Sur le plan idéologique, tout semble séparer les deux hommes : le jeune Auden s'identifie à la gauche marxiste et rejoint les républicains en Espagne, tandis qu'Eliot se définit comme un conservateur. Pourtant, Auden prendra ses distances par rapport à ses premiers engagements et s'orientera vers des positions beaucoup plus modérées. Son retour en 1940 à l'anglicanisme de son enfance, prélude à son évolution vers un existentialisme chrétien, n'est pas sans rappeler, à certains égards, la conversion anglicane d'Eliot en 1927, même si le christianisme représentait des orientations différentes pour les deux poètes. Enfin, dernière analogie et non la moindre : tout en étant passionnés de poésie, ils s'intéressaient tous deux beaucoup au théâtre et au drame poétique, à la fois comme créateurs et comme critiques. La publication de La Mer et le Miroir d'Auden vient nous le rappeler.
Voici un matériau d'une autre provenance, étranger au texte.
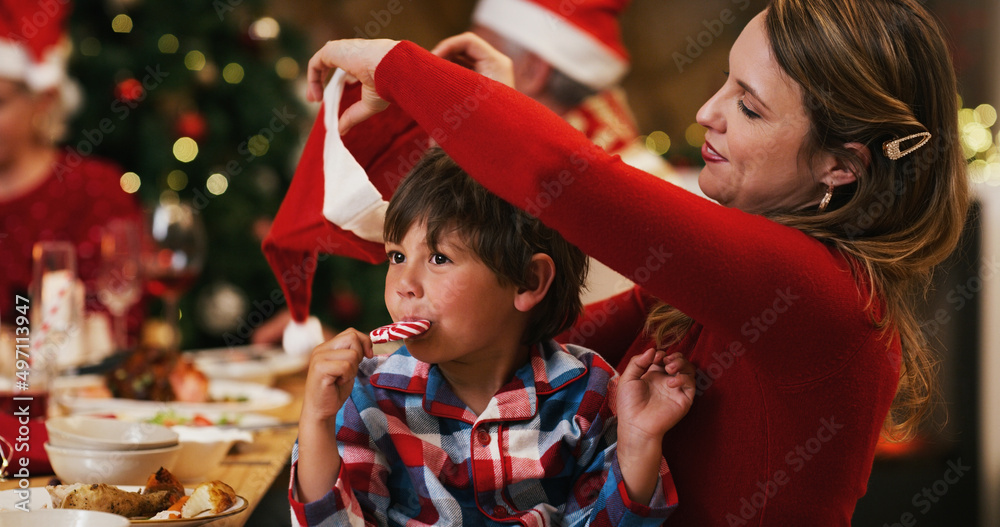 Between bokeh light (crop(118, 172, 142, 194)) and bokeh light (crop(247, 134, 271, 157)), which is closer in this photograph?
bokeh light (crop(118, 172, 142, 194))

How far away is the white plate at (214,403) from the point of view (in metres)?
1.56

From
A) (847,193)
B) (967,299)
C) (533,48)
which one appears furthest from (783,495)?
(967,299)

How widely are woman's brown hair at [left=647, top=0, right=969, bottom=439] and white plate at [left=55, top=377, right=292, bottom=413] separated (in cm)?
112

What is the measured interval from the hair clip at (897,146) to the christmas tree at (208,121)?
306cm

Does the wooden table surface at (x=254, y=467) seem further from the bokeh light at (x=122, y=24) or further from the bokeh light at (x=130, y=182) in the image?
the bokeh light at (x=122, y=24)

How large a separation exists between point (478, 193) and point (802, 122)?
1.31 ft

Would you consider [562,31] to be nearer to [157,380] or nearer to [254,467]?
[157,380]

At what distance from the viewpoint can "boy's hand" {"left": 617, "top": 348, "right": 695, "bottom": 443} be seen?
0.98 metres

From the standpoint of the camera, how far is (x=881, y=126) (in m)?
0.99

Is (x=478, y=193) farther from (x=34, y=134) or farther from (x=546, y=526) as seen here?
(x=34, y=134)

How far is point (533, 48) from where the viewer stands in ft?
8.16

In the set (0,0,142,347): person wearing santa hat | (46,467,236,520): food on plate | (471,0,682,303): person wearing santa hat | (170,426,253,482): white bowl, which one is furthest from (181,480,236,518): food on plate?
(0,0,142,347): person wearing santa hat

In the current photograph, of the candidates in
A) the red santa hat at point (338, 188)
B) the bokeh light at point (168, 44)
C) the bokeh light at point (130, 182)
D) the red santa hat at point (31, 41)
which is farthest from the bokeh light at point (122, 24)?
the red santa hat at point (338, 188)

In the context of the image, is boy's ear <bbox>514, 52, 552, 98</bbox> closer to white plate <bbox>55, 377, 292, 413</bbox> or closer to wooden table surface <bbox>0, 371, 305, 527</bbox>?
white plate <bbox>55, 377, 292, 413</bbox> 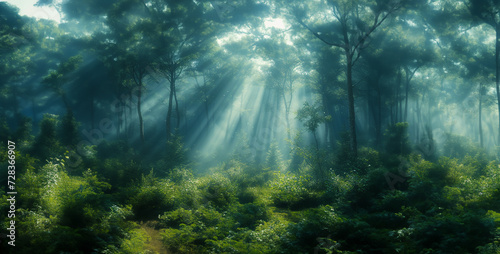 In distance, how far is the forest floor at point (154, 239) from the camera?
7.69 m

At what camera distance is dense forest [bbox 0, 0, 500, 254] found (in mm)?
7406

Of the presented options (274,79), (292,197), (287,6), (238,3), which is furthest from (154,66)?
(292,197)

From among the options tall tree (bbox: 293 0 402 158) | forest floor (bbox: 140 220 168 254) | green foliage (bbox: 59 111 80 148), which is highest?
tall tree (bbox: 293 0 402 158)

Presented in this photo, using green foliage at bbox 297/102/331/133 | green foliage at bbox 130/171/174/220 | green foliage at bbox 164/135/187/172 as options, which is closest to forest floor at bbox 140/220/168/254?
green foliage at bbox 130/171/174/220

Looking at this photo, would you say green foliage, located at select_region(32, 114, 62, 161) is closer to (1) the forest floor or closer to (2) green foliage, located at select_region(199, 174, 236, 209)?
(2) green foliage, located at select_region(199, 174, 236, 209)

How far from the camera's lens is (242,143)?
79.6 ft

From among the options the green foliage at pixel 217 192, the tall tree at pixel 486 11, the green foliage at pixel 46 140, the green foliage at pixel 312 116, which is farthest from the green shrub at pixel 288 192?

Cette édition bilingue permet d'apprécier les talents des deux traducteurs qui, confrontés à une tâche difficile, ont préféré, parfois, rendre le rythme d'Auden plutôt que son sens précis, surtout dans les parties poétiques aux formes très concises. Ils ont aussi réalisé un travail utile d'édition critique, Bruno Bayen signant l'avant-propos, et Pierre Pachet la postface, suivie d'une chronologie et d'une bibliographie.
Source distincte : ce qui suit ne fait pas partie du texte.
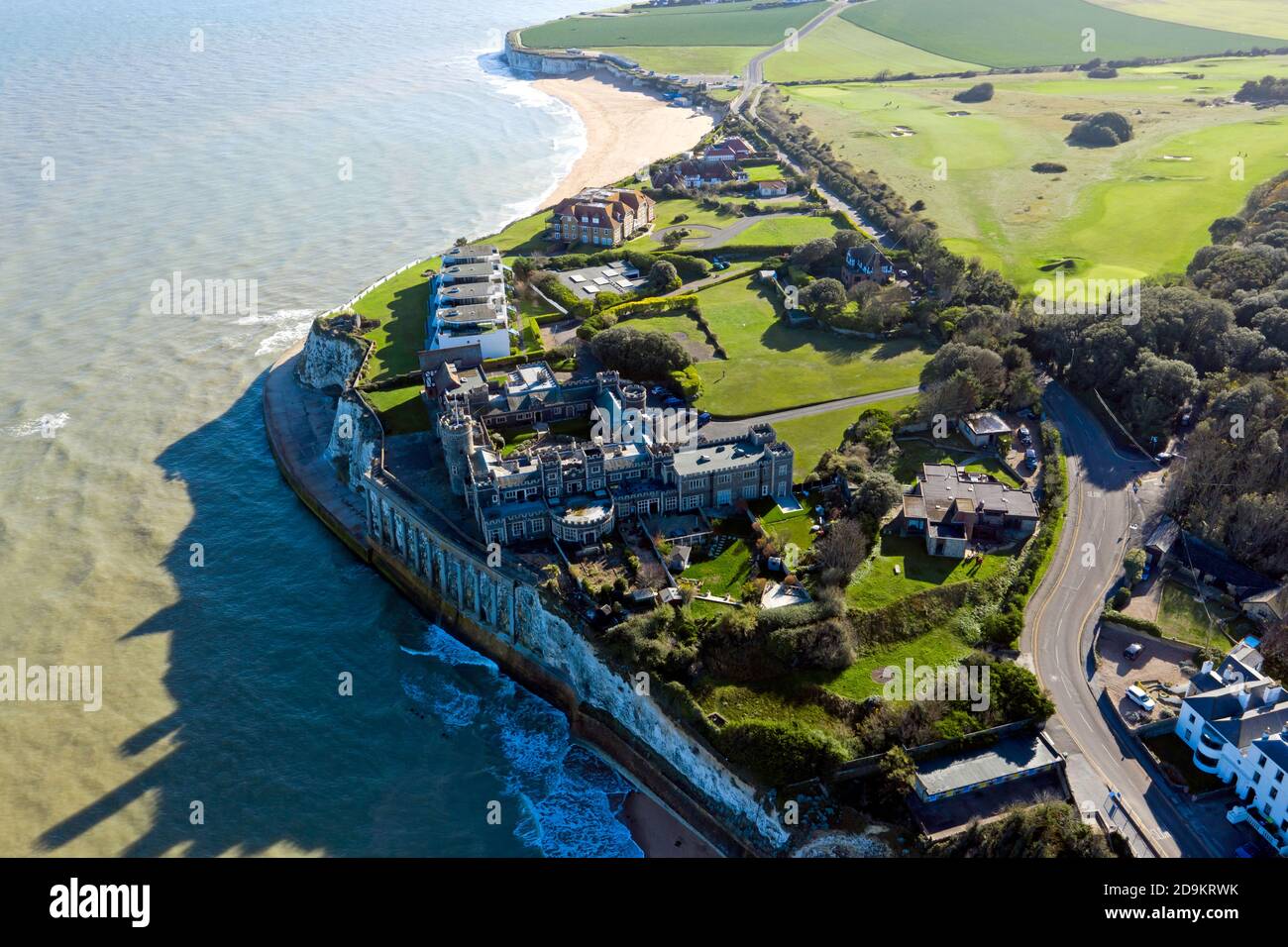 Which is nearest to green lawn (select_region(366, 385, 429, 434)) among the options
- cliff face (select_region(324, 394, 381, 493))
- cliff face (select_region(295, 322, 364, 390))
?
cliff face (select_region(324, 394, 381, 493))

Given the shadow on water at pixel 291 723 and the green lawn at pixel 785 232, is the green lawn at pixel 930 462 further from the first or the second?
the green lawn at pixel 785 232

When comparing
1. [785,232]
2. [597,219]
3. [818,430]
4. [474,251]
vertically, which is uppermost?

Le poème dramatique d'Auden, composé de 1942 à 1944 et publié d'abord à New York en pleine guerre, en 1944, n'est pas seulement un commentaire de La Tempête de Shakespeare, comme le laisse croire modestement son sous-titre. Anticipant sur les constructions ludiques du postmodernisme, Auden nous propose une suite à la pièce, un supplément, une réécriture, une mise à distance, une parodie, bref ce que l'on pourrait décrire comme une « broderie » poétique et critique autour de La Tempête.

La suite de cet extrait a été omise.